## What needs to be done
When the listing has been read, print it out again in full, word for word.

## Available data

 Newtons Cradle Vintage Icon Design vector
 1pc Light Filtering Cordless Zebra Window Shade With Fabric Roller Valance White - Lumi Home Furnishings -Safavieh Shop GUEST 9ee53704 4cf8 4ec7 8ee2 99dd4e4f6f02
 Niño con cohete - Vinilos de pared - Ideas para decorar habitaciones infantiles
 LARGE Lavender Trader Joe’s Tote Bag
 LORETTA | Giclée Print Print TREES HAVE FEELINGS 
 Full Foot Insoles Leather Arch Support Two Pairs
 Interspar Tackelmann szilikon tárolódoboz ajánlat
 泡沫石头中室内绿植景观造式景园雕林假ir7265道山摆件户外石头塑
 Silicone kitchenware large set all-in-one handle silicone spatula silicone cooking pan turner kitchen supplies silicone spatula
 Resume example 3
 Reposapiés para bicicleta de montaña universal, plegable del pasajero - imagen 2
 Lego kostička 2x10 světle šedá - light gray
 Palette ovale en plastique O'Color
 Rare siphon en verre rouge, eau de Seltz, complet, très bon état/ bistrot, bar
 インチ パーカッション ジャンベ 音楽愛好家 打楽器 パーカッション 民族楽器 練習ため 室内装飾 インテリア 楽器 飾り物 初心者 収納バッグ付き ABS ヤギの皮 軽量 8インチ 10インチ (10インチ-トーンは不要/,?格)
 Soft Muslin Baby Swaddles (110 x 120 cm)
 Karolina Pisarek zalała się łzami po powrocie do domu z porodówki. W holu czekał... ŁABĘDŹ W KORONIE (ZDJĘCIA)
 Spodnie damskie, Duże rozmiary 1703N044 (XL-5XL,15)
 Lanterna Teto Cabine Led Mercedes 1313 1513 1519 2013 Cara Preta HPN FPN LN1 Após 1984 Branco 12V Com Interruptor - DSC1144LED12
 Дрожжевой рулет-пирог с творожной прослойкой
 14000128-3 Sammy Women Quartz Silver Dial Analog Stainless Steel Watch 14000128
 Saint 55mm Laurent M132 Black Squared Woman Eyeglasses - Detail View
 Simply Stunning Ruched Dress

## Solution
 Newtons Cradle Vintage Icon Design vector
 1pc Light Filtering Cordless Zebra Window Shade With Fabric Roller Valance White - Lumi Home Furnishings -Safavieh Shop GUEST 9ee53704 4cf8 4ec7 8ee2 99dd4e4f6f02
 Niño con cohete - Vinilos de pared - Ideas para decorar habitaciones infantiles
 LARGE Lavender Trader Joe’s Tote Bag
 LORETTA | Giclée Print Print TREES HAVE FEELINGS 
 Full Foot Insoles Leather Arch Support Two Pairs
 Interspar Tackelmann szilikon tárolódoboz ajánlat
 泡沫石头中室内绿植景观造式景园雕林假ir7265道山摆件户外石头塑
 Silicone kitchenware large set all-in-one handle silicone spatula silicone cooking pan turner kitchen supplies silicone spatula
 Resume example 3
 Reposapiés para bicicleta de montaña universal, plegable del pasajero - imagen 2
 Lego kostička 2x10 světle šedá - light gray
 Palette ovale en plastique O'Color
 Rare siphon en verre rouge, eau de Seltz, complet, très bon état/ bistrot, bar
 インチ パーカッション ジャンベ 音楽愛好家 打楽器 パーカッション 民族楽器 練習ため 室内装飾 インテリア 楽器 飾り物 初心者 収納バッグ付き ABS ヤギの皮 軽量 8インチ 10インチ (10インチ-トーンは不要/,?格)
 Soft Muslin Baby Swaddles (110 x 120 cm)
 Karolina Pisarek zalała się łzami po powrocie do domu z porodówki. W holu czekał... ŁABĘDŹ W KORONIE (ZDJĘCIA)
 Spodnie damskie, Duże rozmiary 1703N044 (XL-5XL,15)
 Lanterna Teto Cabine Led Mercedes 1313 1513 1519 2013 Cara Preta HPN FPN LN1 Após 1984 Branco 12V Com Interruptor - DSC1144LED12
 Дрожжевой рулет-пирог с творожной прослойкой
 14000128-3 Sammy Women Quartz Silver Dial Analog Stainless Steel Watch 14000128
 Saint 55mm Laurent M132 Black Squared Woman Eyeglasses - Detail View
 Simply Stunning Ruched Dress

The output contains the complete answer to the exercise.